▶ Input data
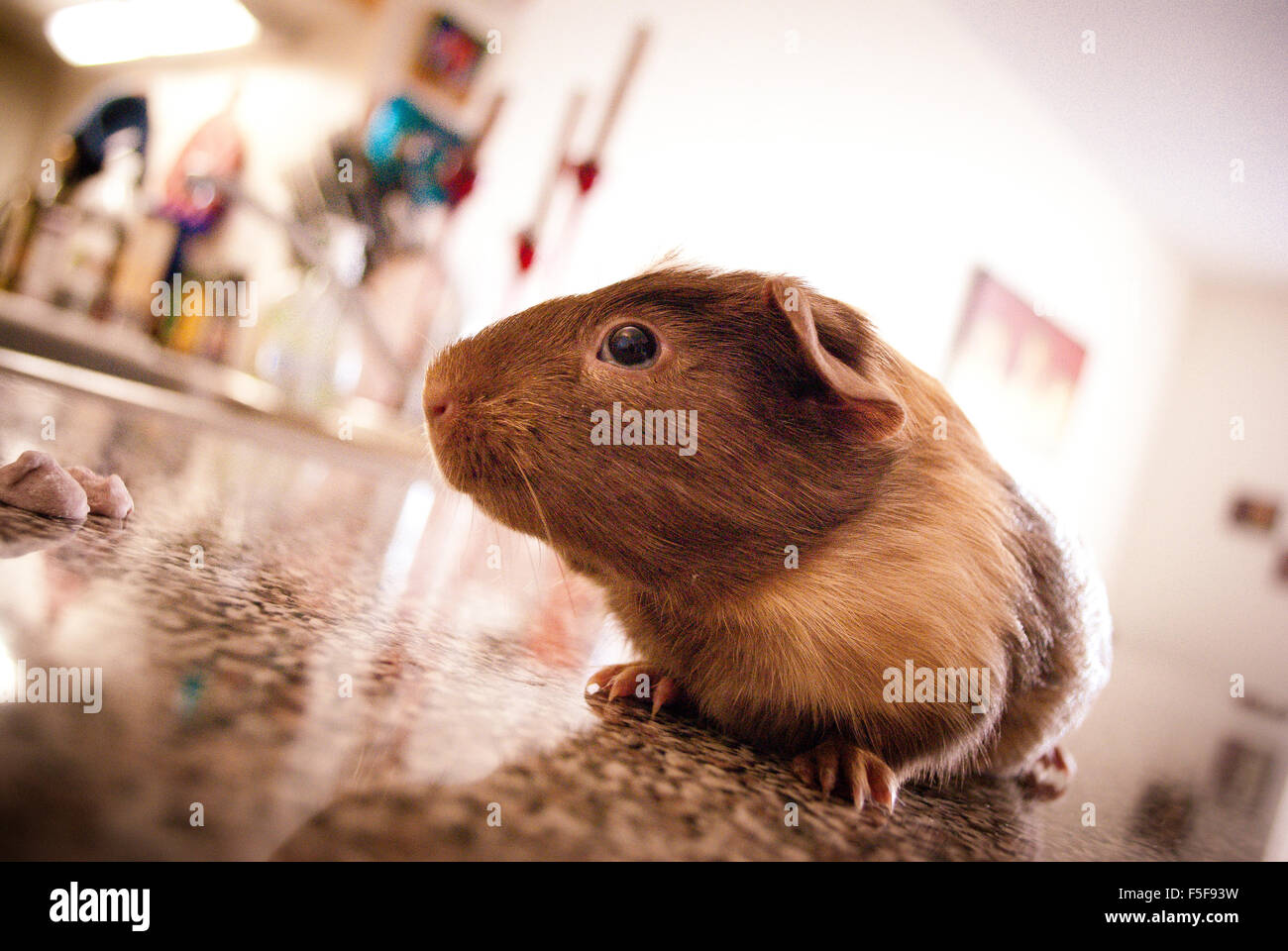 guinea pig close up. Stock Photo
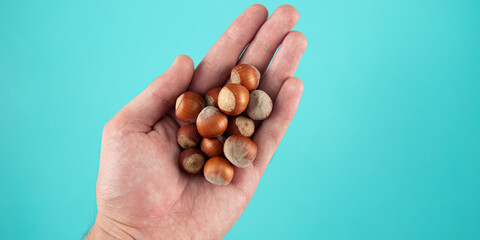 Closeup shot of  hazelnuts in a person's hand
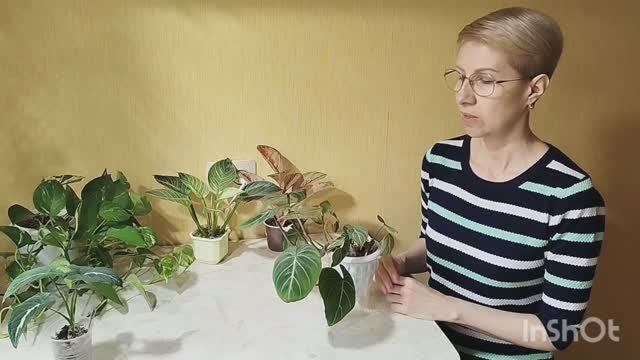 1000005130.mp4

▶ Problem
From the data above, write out everything exactly except the pictures.

▶ Problem solution
 guinea pig close up. Stock Photo
 Closeup shot of  hazelnuts in a person's hand
 1000005130.mp4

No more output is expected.